### [What is being asked]
With the pictures left out, write out exactly the lines of the listing below that run from the line with "bdo payroll login|BDO ." through the line with "Текстура металла Силиконовый".

### [Provided data]
—————

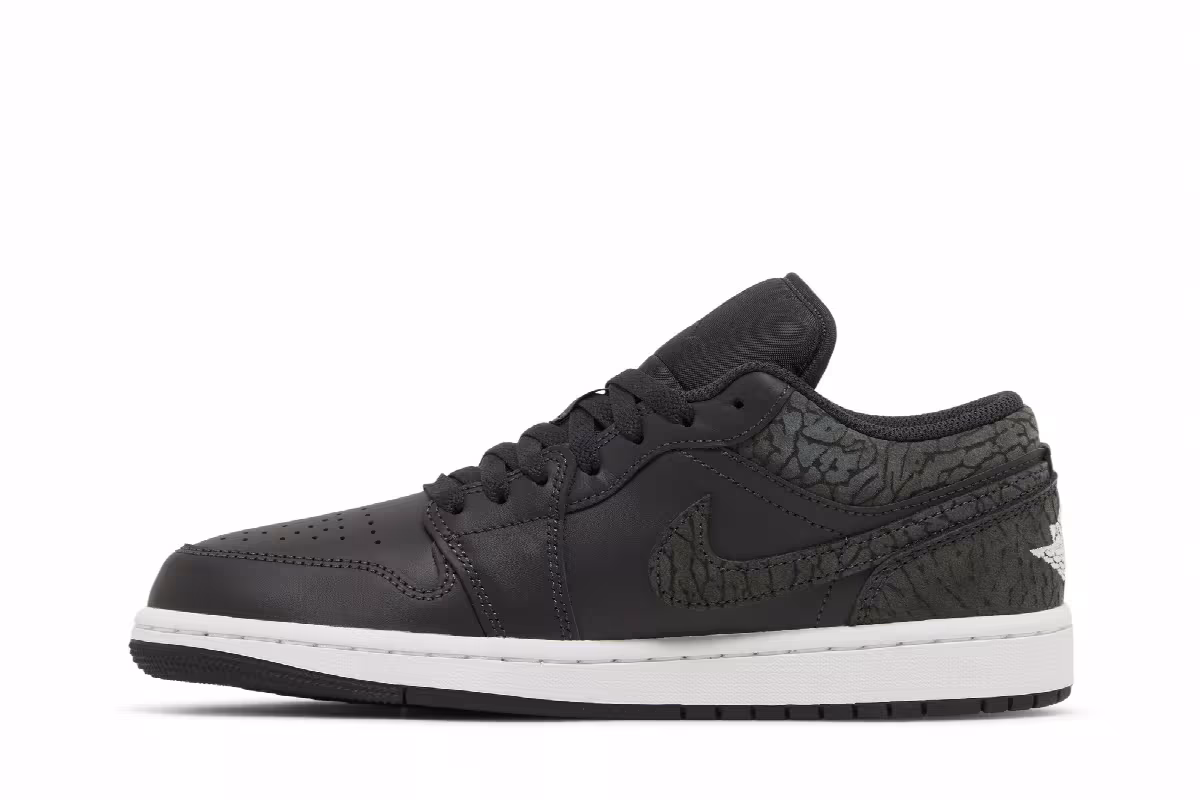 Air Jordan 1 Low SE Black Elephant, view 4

—————

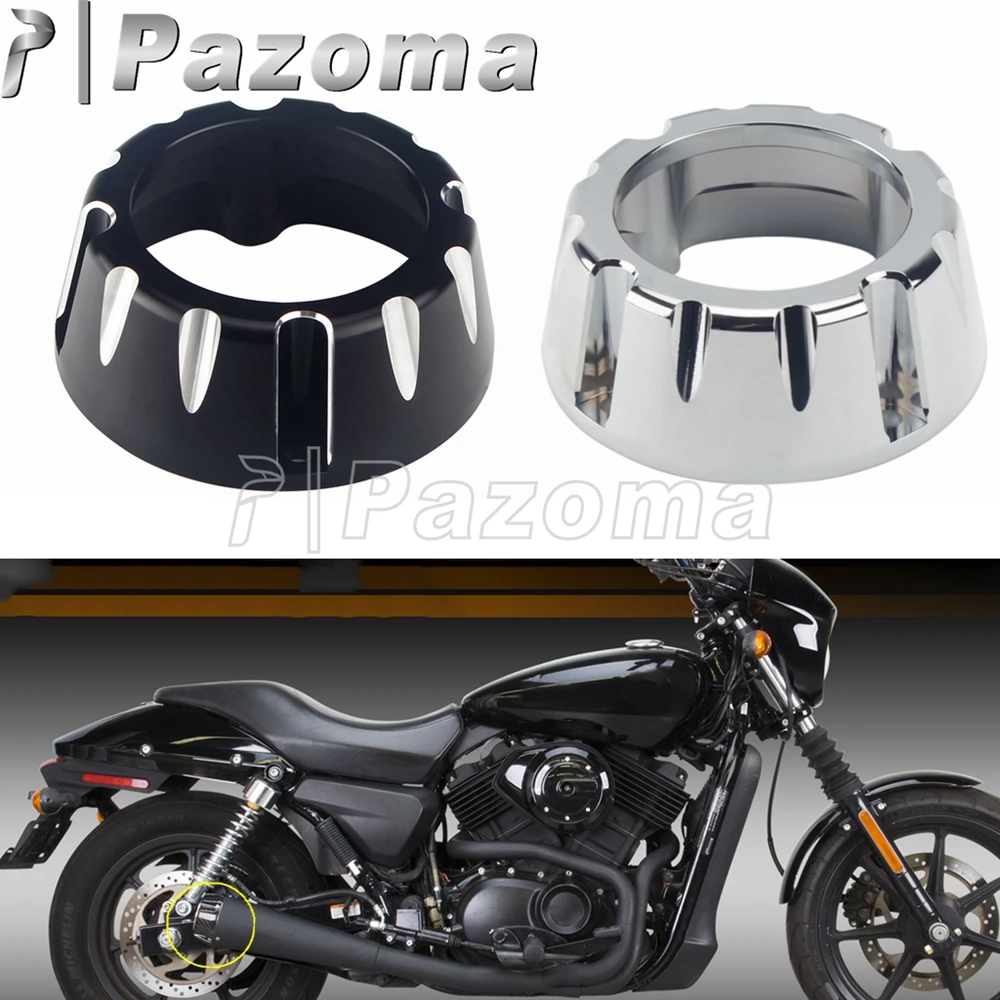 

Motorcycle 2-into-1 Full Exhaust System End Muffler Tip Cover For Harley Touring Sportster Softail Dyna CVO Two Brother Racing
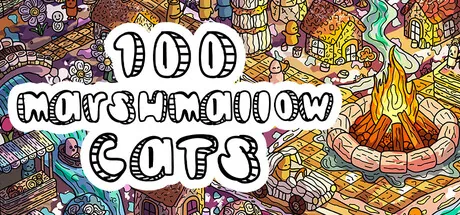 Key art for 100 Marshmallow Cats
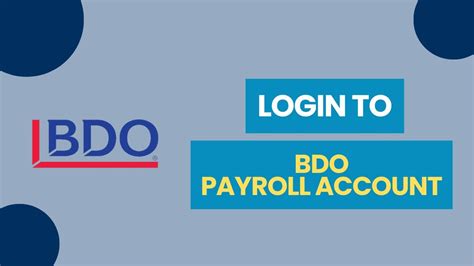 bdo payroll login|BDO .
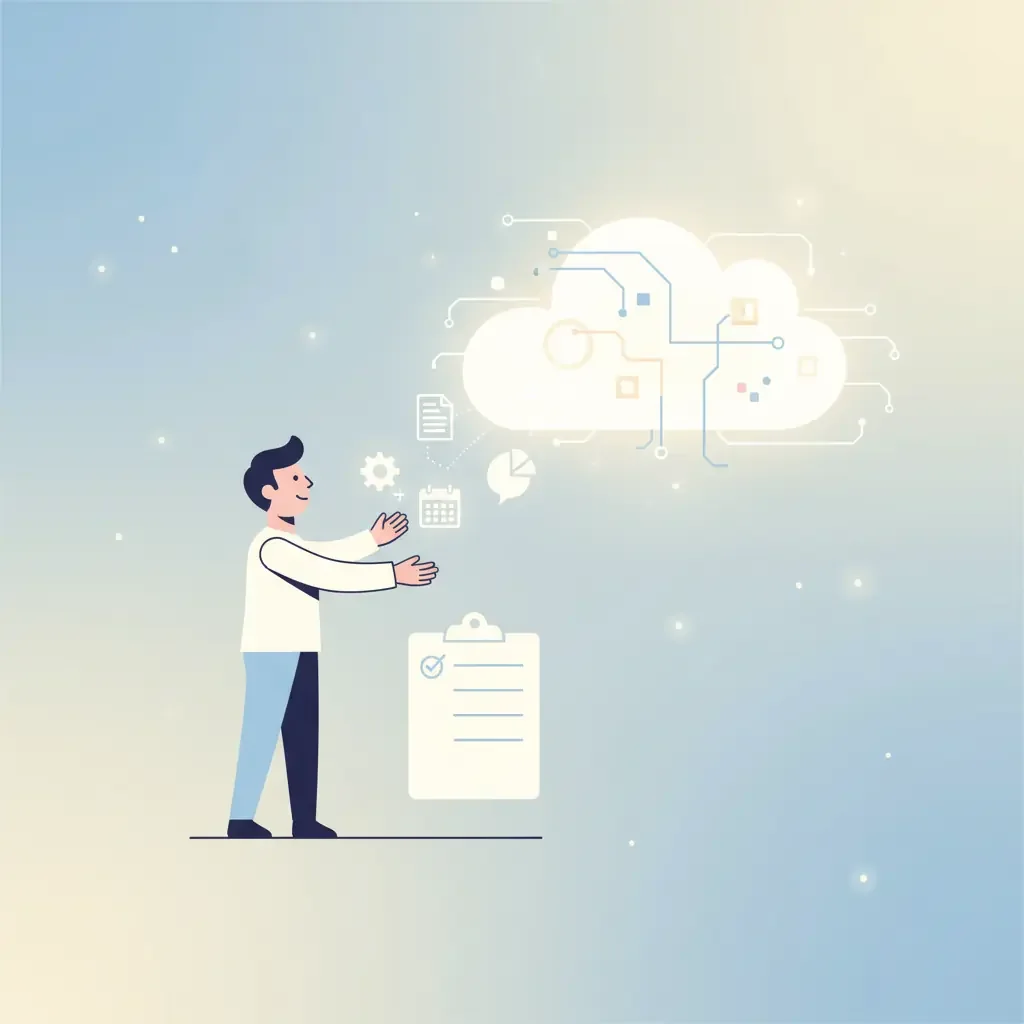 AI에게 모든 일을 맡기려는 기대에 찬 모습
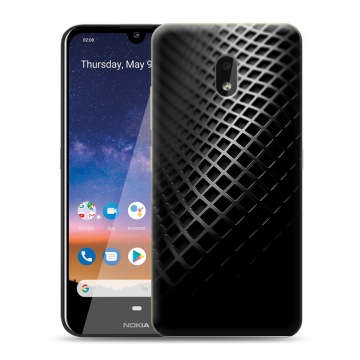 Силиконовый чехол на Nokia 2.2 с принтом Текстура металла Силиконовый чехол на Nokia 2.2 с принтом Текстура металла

—————

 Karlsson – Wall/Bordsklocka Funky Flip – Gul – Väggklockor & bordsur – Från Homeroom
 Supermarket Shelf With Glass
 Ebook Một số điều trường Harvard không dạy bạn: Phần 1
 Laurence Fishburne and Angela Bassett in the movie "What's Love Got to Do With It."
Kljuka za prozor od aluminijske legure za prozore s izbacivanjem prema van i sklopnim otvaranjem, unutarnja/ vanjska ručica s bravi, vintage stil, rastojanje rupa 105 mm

—————

### [Solution]
 bdo payroll login|BDO .
 AI에게 모든 일을 맡기려는 기대에 찬 모습
 Силиконовый чехол на Nokia 2.2 с принтом Текстура металла Силиконовый чехол на Nokia 2.2 с принтом Текстура металла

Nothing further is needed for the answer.